Wilson was forced to deal with a narcissistic cheerleader coach. Mrs. Gundershoot thought the school existed
to serve her, and through her largesse, the cheerleaders, and through them, the
football team.
Mrs. Gundershoot
didn’t politely ask people to do things.
She demanded it. You didn’t demand things of my band
director. If you did, you might get
exactly what you asked for—on HIS terms.
One day, Mrs.
Gundershoot marched up to Mr. Wilson and demanded, “We have a pep rally in the
gym in a half hour. I want your band in there, and I want them to make a LOT OF
NOISE. Got it? Your band’s job is to get the kids all riled
up by making a lot of noise.” Out she
marched.
Now first of all,
music is not noise. Music is the antithesis
of noise. Even music by Paul Hindemith. Music
has structure, rules, logic. Music is
mathematically beautiful. Even music that
sounds like cacophony has an underlying structure.
Telling my band
director that his band is supposed to make a lot of noise was equivalent to
telling Gordon Ramsay, “Put some crap on the table.” Chef Ramsay wouldn’t take kindly to that, and
when you came to the table, you’d find a steaming pile of horse manure garnished
with a sprig of parsley. Crap you want?
Crap you get.
Noise you want?
Noise you get.
Mr. Wilson
rounded up his band. He had an enormous
brass section that year: 16 trumpets; 9 trombones; 4 baritones; and 4
tubas. Big boys. Most of them ninth-graders. We’re talking HEAVY on brass.
“Ladies and
gentlemen,” he said, “Mrs. Gundershoot wants noise at the assembly. She told us to ‘make a lot of noise.’ We are going
to give her what she wants.” Then, “Brass,
I want you to STRAIGHTEN THE TUBES.” Translation: “Blow so hard that you unfurl the
twists and turns in your horn.” All 33
brass players grinned from ear to ear. “Oh,
yeah.”
The he said, “Play
March Grandioso.” The band understood the subtext. Think about the name. March. Grandioso.
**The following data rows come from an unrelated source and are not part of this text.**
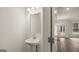 Clean powder room with pedestal sink and mirror at 13232 Tolstoy Drive, Covington, GA 30014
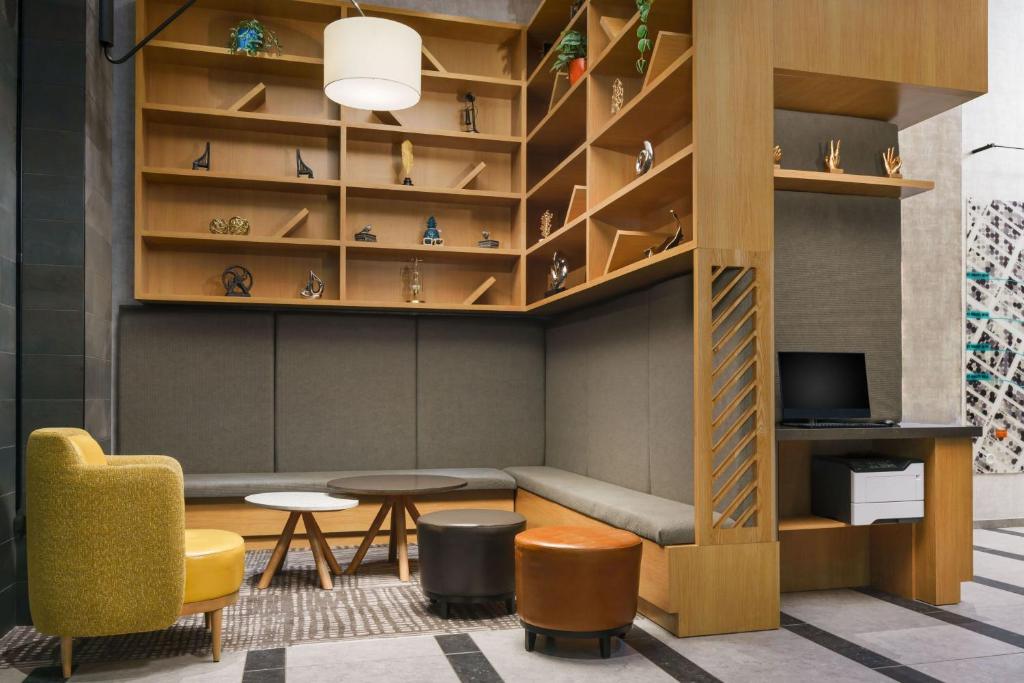 纽约TownePlace Suites by Marriott New York Manhattan/Chelsea的一间配有沙发、桌子和书架的客房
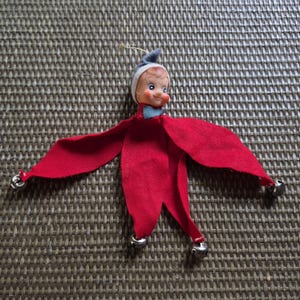 May include: A vintage-style elf ornament featuring a painted face with blue eyes and rosy cheeks. The figure wears a grey felt hat and a matching grey bowtie. Its body consists of four red felt petal-like appendages, each tipped with a small silver bell.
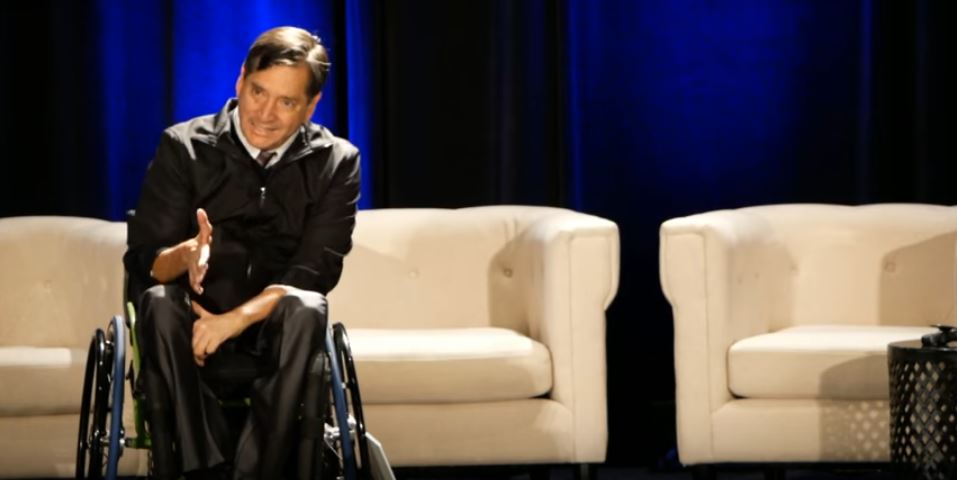 Santiago is seated in a wheelchair, motioning with his hands as he speaks. He is on a stage with couches behind him.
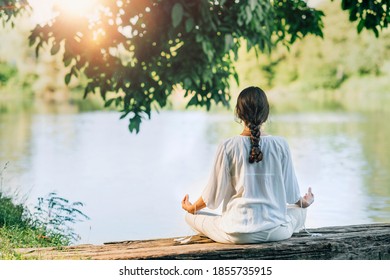 Yoga Retreat. Peaceful Young Woman Sitting In Lotus Position And Meditating By The Lake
March Grandioso is a Sherman tank.
The idea of straightening the pipes on March Grandioso is the equivalent of Patton blasting his way
through Bastogne at the Battle of the Bulge.
The band entered
the gym and Mr. Wilson lined them up at attention in block formation. The drum major gave a roll off. And the room exploded in sound. Kids in the bleachers shrieked and covered
their ears.
Mrs. Gundershoot
ran up to the choir teacher and screamed, “That band is too Goddamn loud!”
The choir teacher
yelled back, “You told him you wanted the band to make a bunch of noise! Well, you got it!”
That’s when the fun
started. The first gym light popped and
went out. The band played louder. The second gym light exploded. The twists and turns on the trumpets began to
unfurl. The third gym light popped. The drummers pounded till they split their drumheads.
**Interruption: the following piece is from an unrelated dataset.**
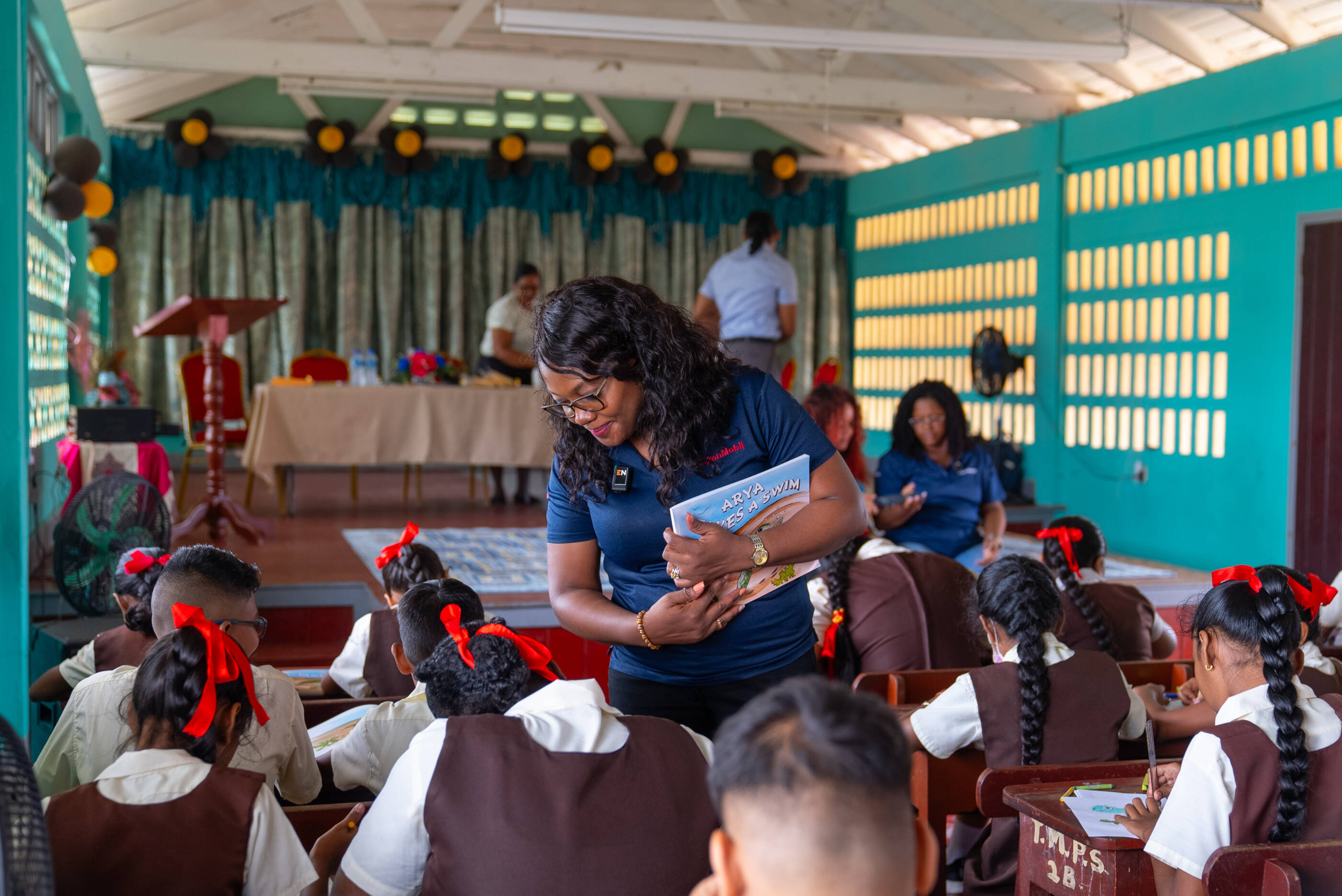 ExxonMobil Guyana employees interact with students on World Turtle Day.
The fourth gym light went out. By the
time the tubas finished hurling their grenades, the filaments of 16 gym lights
had exploded, and Mrs. Gundershoot was purple with rage.
I don’t know whether
the football team won or lost that game. I do know that nobody learned anything
at school that day except that the band could blow 16 lights out in the gym.
So what was the
lesson that Mr. Wilson taught me from that story? The Story of The Day the Band
Blew 16 Lights Out of the Gym Ceiling? Be
careful about what you ask for. You just
might get it.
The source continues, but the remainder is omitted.